La campaña de drones y la advertencia de Putin
Las declaraciones de Putin hacen referencia directa a una ofensiva con drones anunciada a finales de junio por el presidente ucraniano Vladímir Zelenski. Según Moscú, esa campaña busca presionar a Rusia para que se siente a negociar en los términos propuestos por Kiev.
El presidente ruso calificó esas amenazas como «una incitación al terrorismo», aunque aclaró que aún no representan un acto terrorista consumado. «Si se llega a ese punto, ya veremos cómo responder. Encontraremos los medios adecuados», advirtió, sin precisar qué tipo de respuesta contempla Moscú.
Putin también reconoció que el proceso de negociaciones sobre la cuestión ucraniana «se encuentra, en general, estancado», lo que refleja la ausencia de avances concretos en las conversaciones diplomáticas entre las partes.

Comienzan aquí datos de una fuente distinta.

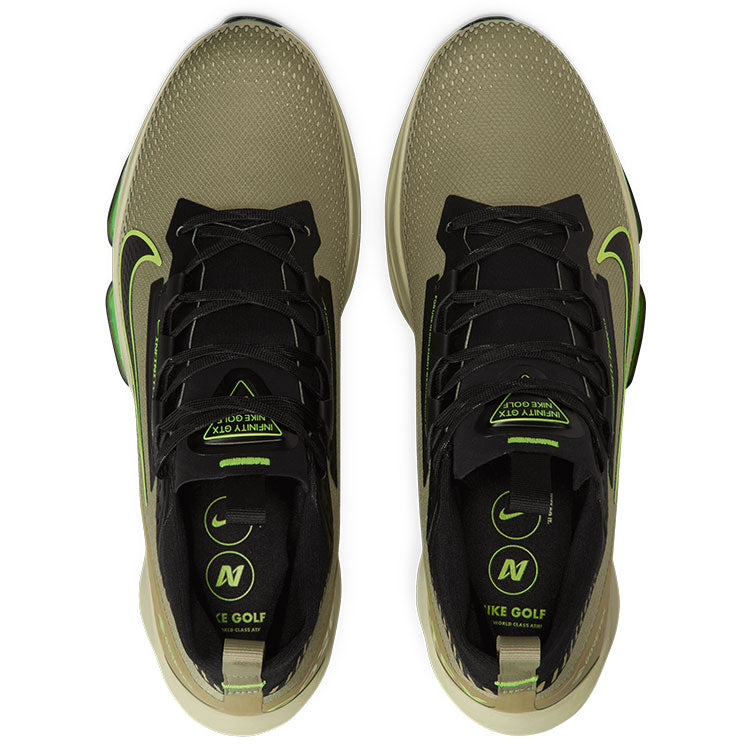 Nike Air Zoom Infinity Tour NEXT% 2 GTX Golf Shoes (Dusty Olive/Black/Volt) Exceptional Comfort With Gore-Tex Protection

La postura rusa sobre las causas del conflicto
El mandatario reiteró la posición que ha sostenido en diversas ocasiones: Rusia está dispuesta a buscar una solución diplomática, pero condiciona cualquier acuerdo a la garantía de su seguridad a largo plazo. Para Moscú, eso implica abordar lo que denomina las «causas profundas» del conflicto.
Entre esas causas, Putin señaló la expansión de la OTAN hacia el este de Europa, que Rusia percibe como una amenaza directa a su seguridad nacional, y lo que describió como la violación de los derechos de la población rusoparlante en territorio ucraniano. Ambos puntos forman parte del discurso oficial ruso desde el inicio de la guerra.
Las declaraciones del presidente ruso en la cumbre de la OCS añaden un nuevo elemento al debate internacional sobre las posibilidades reales de una negociación entre Moscú y Kiev, en un contexto en que los combates continúan y los contactos diplomáticos directos permanecen suspendidos.